Однажды таинственно через кухню Андрей пробрался в комнату Леопольда и спрятал нечто под Леопольдову кровать. Пятнадцатилетним басом на все комнаты требовал он у горничной трехцветную ленточку от пирожного и, получив ее, смущенно покрякивая и потряхивая нигилистскими волосами, просил уйти из комнаты фрау Шмуцокс. Фрау Шмуцокс ушла. Андрей прикрыл дверь и торжественно вытащил из-под кровати завернутую в газету лошадиную ногу, копыто с костями до колена, с мясом, не доеденным собаками, все промороженное инеем.
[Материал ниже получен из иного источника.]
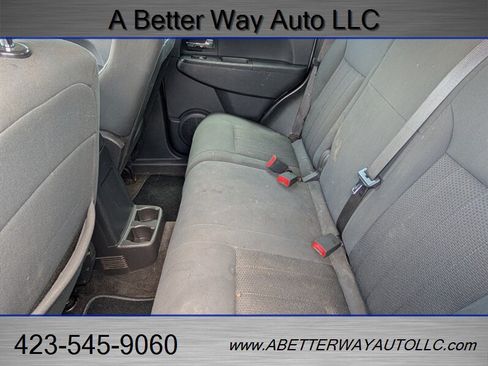 Used 2012 Jeep Liberty Sport RWD image 13
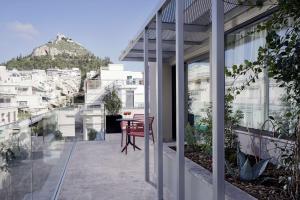 雅典The Social Athens Hotel, a member of Radisson Individuals的阳台,配有桌椅
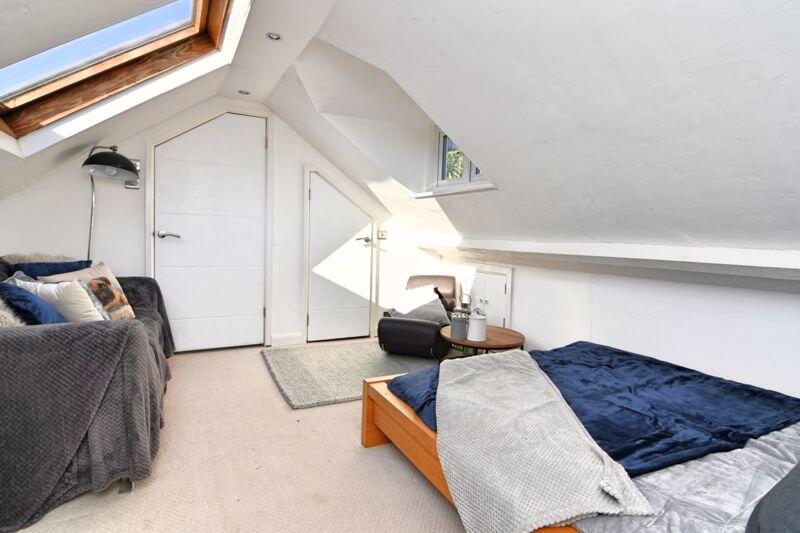 Additional image 11 of Heads Lane, Redhill - Hideaway Location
Андрей разложил на столе Леопольда, отодвинув в сторону фотографии Блока и матери, бумагу из кондитерской, принесенную с собой, и тщательнейше завернул ногу в кондитерскую бумагу, перевязал ленточкой, как в кондитерской. Леопольд был изумлен – и Андреем, и лошадиною ногою. Андрей объяснил, что сегодня именинник классик Cera и что намерен он, Андрей, отнести эту ногу Сеге в подарок с визитной карточкой директора Вальде, украденной в свое время из директорского кабинета, то есть устроить «пфимфу».
С Сегою шла старая война из-за Бальмонта и Блока, из-за Гоголя в брюсовском освещении с символических позиций, когда Гоголь объявлялся символистом, Андреем был признан как символист, а Сега считал все это глупостями. Андрей страдал уже из-за Сеги, послав однажды ему письменную «пфимфу» – издевательскую поэму, начинавшуюся словами, –
Наш бедный, бедный Сега
Скрипя зубами, как телега…
Автор поэмы был узнан по почерку и едва уцелел в гимназии.
Леопольд с ужасом смотрел на лошадиную ногу. Он отговаривал от затеи, грозившей окончательным исключением из гимназии., он напоминал историю с поэмой, – он презрительно пожимал плечами и доказывал, что все это совершенно не символистично и не остроумно.
Андрей был непреклонен. Леопольд оказался безвольным, – он подчинился. Гимназисты вышли на улицу с кондитерским свертком ноги. Конская нога сыграла тогда целую судьбу в истории камынского Великого Немого. Горничная классика Сеги не могла не знать в лицо Андрея и Леопольда, мог отпереть сам Сега, – скандал казался неминуемым.
Леопольд сказал безразличным голосом:
– Я сегодня на прогулке видел Лелю Верейскую. Княжна велела тебе приходить в кино.
– На какой сеанс?
– На второй.
Гимназисты прошли шагов десять.
– А сколько сейчас времени?
– Через десять минут начало…
Гимназисты прошли еще шагов десять.
– У тебя деньги с собою есть?
– Есть, а что?
– А у меня нет… Я думаю, не зайти ли нам сначала в кино, а потом отнести ногу?
– Пойдем.
В тепле кинематографа нога потекла сукровицей. Андрей положил ее на окно за портьеру, в холодок.
Леля не пришла в кино. Андрей загрустил. Нога осталась в кино, в фойе за портьерою, на подоконнике – на удивление уборщику. На другой же день на гимназических партах стало известно похождение ноги, – и на долгое время с тех пор каждый гимназист, отправляясь в кинематограф, почитал за долг стаскивать туда всяческую дрянь, старые тряпки, опорки, коробки с мусором, – в таком количестве, что Сергей Иванович Кошкин, вдохновитель кинодела в Камынске, ездил к директору Вальде, предупреждал – либо кино будет закрыто, либо гимназистам будет сделано внушение.